### EXERCISE DIRECTIONS
Below, some lines carry pictures; leave those pictures out and retype exactly the lines from the one with "21, 3m, 0.25kg" through the one with "Montreal Quebec Canada".

### AVAILABLE DATA
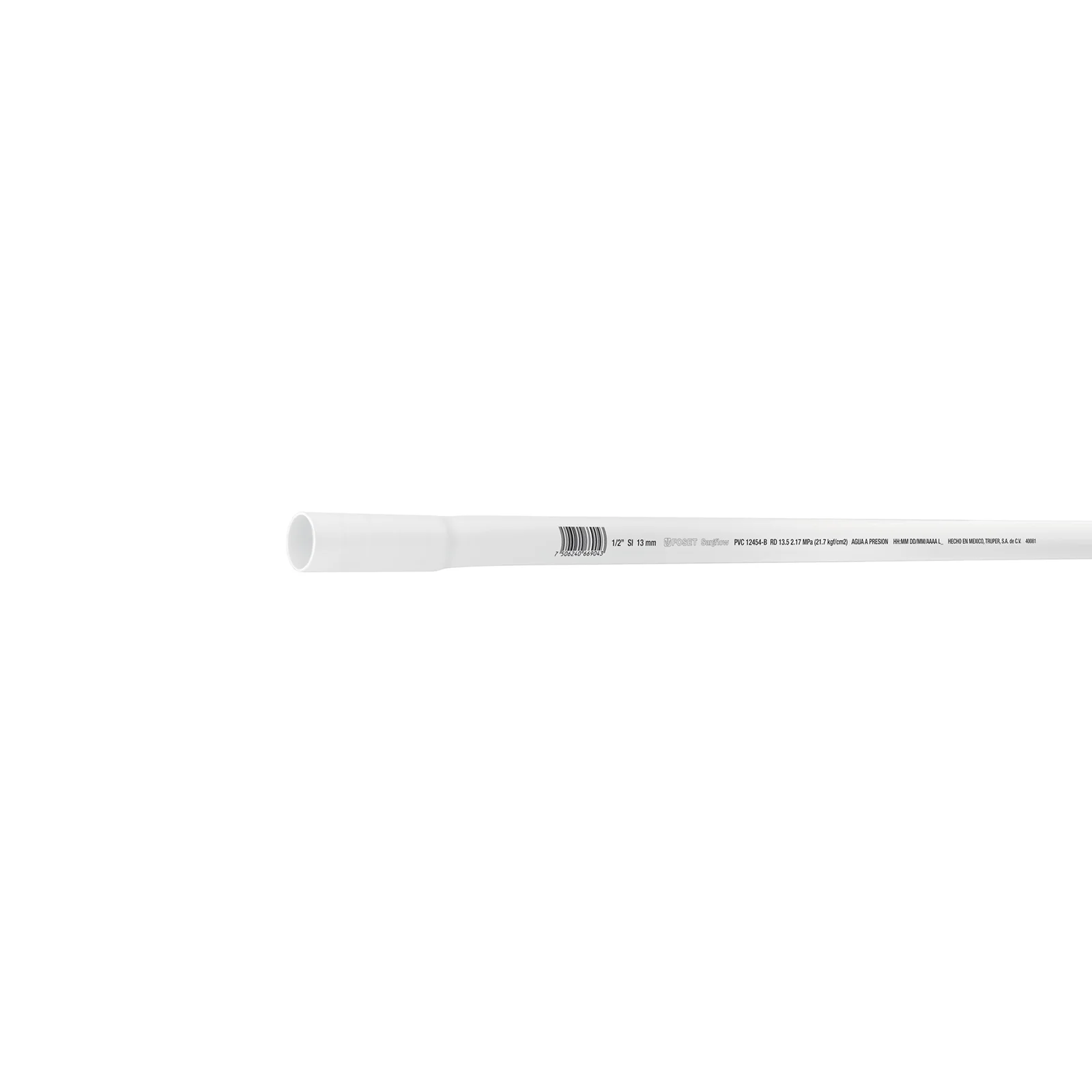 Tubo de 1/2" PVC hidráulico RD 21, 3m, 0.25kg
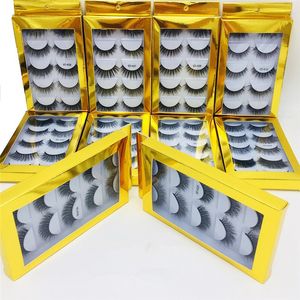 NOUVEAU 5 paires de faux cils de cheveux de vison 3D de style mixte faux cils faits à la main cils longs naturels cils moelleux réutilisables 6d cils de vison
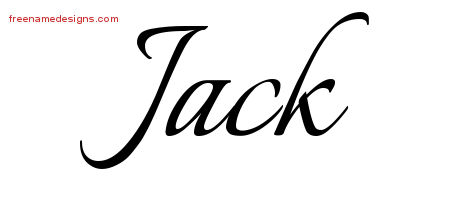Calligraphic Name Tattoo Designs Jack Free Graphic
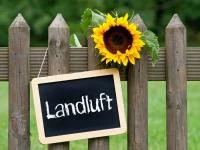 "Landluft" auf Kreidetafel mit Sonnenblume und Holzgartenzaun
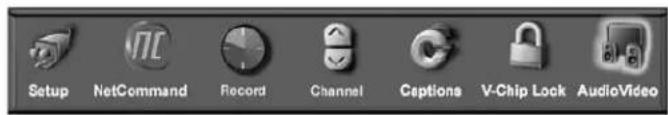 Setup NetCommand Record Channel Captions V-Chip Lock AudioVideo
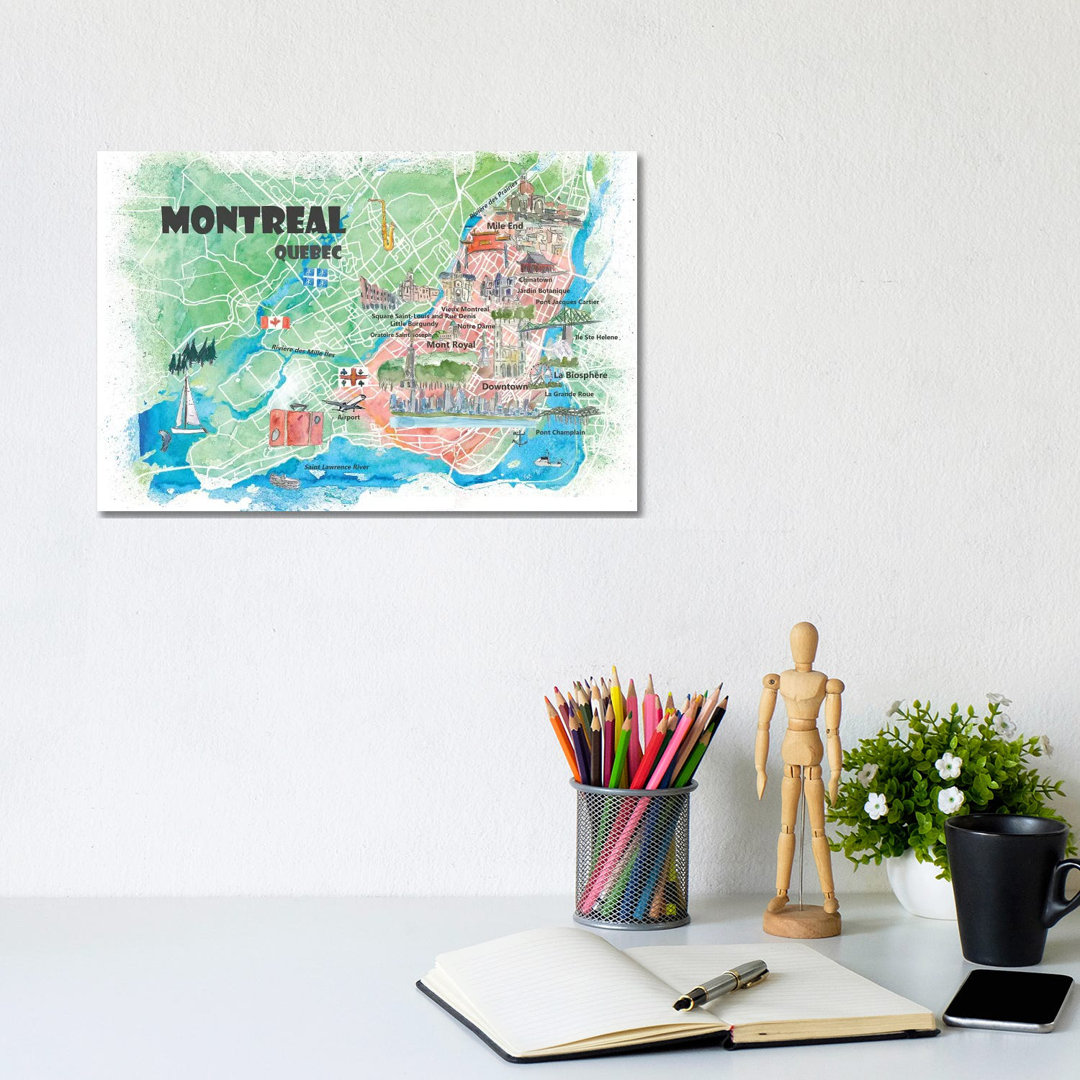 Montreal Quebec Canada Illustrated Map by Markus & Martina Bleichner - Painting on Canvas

==

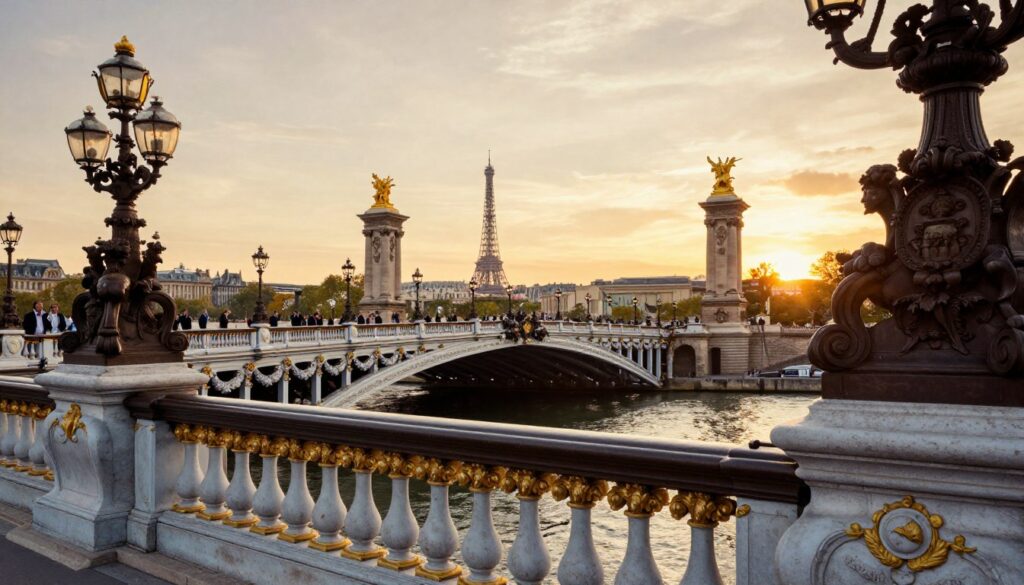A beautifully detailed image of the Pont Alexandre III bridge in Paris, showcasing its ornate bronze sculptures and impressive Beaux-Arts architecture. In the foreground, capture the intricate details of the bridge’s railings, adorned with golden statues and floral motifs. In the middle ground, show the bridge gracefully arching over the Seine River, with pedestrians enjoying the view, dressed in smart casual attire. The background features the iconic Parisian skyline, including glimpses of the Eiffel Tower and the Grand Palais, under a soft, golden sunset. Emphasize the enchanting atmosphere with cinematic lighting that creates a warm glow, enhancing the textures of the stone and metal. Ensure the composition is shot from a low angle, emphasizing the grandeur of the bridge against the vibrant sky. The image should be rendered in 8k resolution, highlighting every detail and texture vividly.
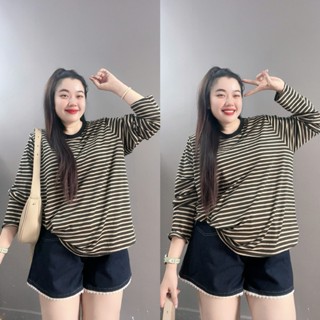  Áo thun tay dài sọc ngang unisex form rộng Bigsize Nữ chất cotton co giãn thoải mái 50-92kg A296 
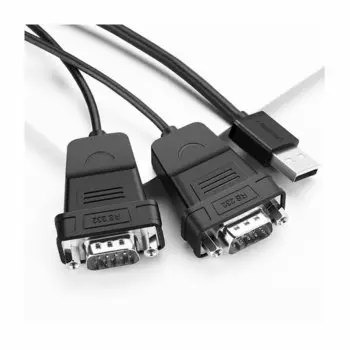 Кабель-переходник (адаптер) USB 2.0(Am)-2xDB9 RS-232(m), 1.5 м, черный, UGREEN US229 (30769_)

* * *

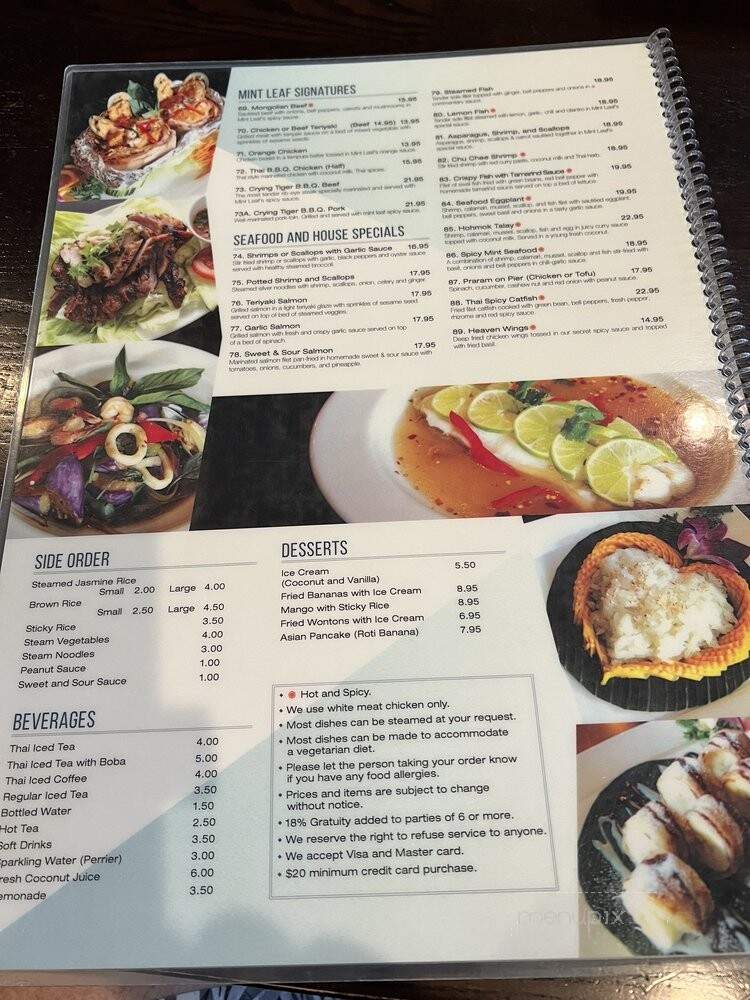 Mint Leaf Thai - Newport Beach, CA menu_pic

### TASK OUTPUT
 Tubo de 1/2" PVC hidráulico RD 21, 3m, 0.25kg
 NOUVEAU 5 paires de faux cils de cheveux de vison 3D de style mixte faux cils faits à la main cils longs naturels cils moelleux réutilisables 6d cils de vison
Calligraphic Name Tattoo Designs Jack Free Graphic
 "Landluft" auf Kreidetafel mit Sonnenblume und Holzgartenzaun
 Setup NetCommand Record Channel Captions V-Chip Lock AudioVideo
 Montreal Quebec Canada Illustrated Map by Markus & Martina Bleichner - Painting on Canvas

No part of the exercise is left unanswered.